*Your goal*
Repeat the listing exactly. The images do not belong in the copy.

*Records shown*
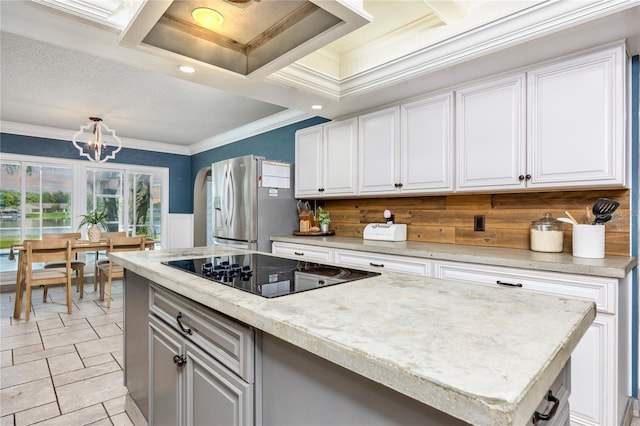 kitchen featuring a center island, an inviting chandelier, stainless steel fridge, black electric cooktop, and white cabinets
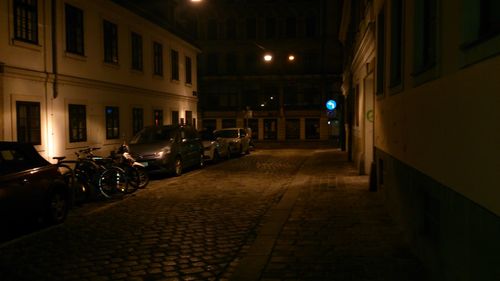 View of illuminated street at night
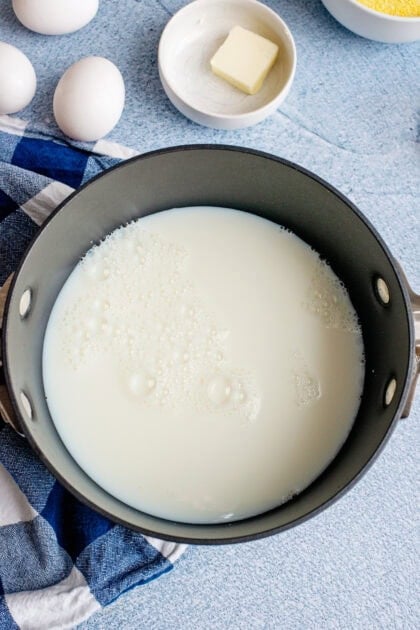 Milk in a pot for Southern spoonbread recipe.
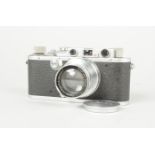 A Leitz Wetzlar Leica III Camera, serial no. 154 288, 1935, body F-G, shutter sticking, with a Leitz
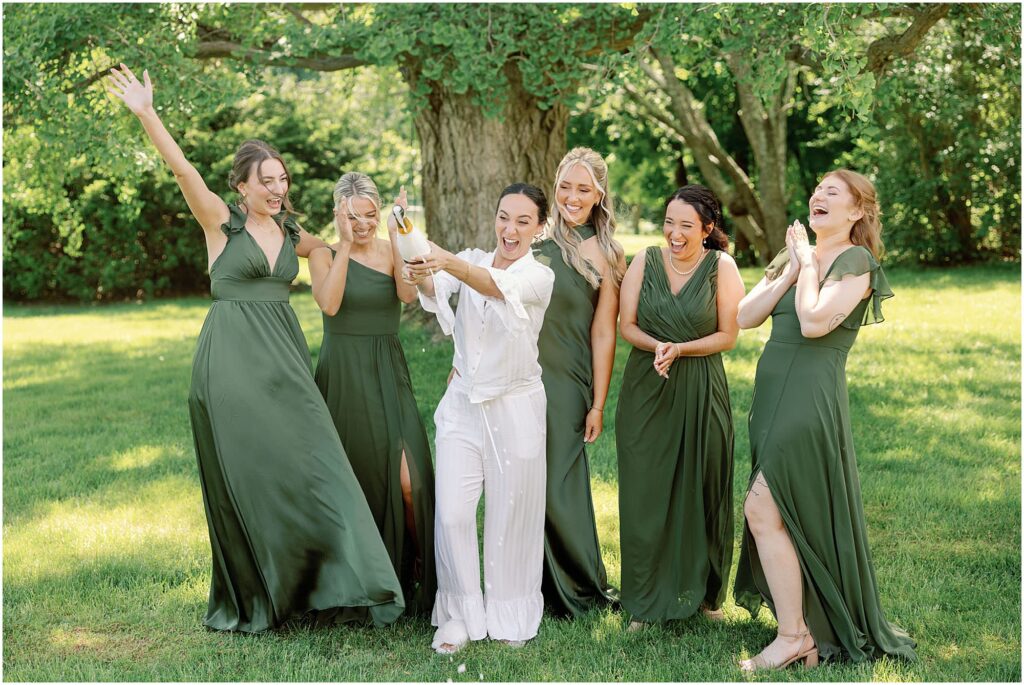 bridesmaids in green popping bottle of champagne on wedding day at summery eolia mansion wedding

*Solution for this exercise*
 kitchen featuring a center island, an inviting chandelier, stainless steel fridge, black electric cooktop, and white cabinets
 View of illuminated street at night
 Milk in a pot for Southern spoonbread recipe.
 A Leitz Wetzlar Leica III Camera, serial no. 154 288, 1935, body F-G, shutter sticking, with a Leitz
 bridesmaids in green popping bottle of champagne on wedding day at summery eolia mansion wedding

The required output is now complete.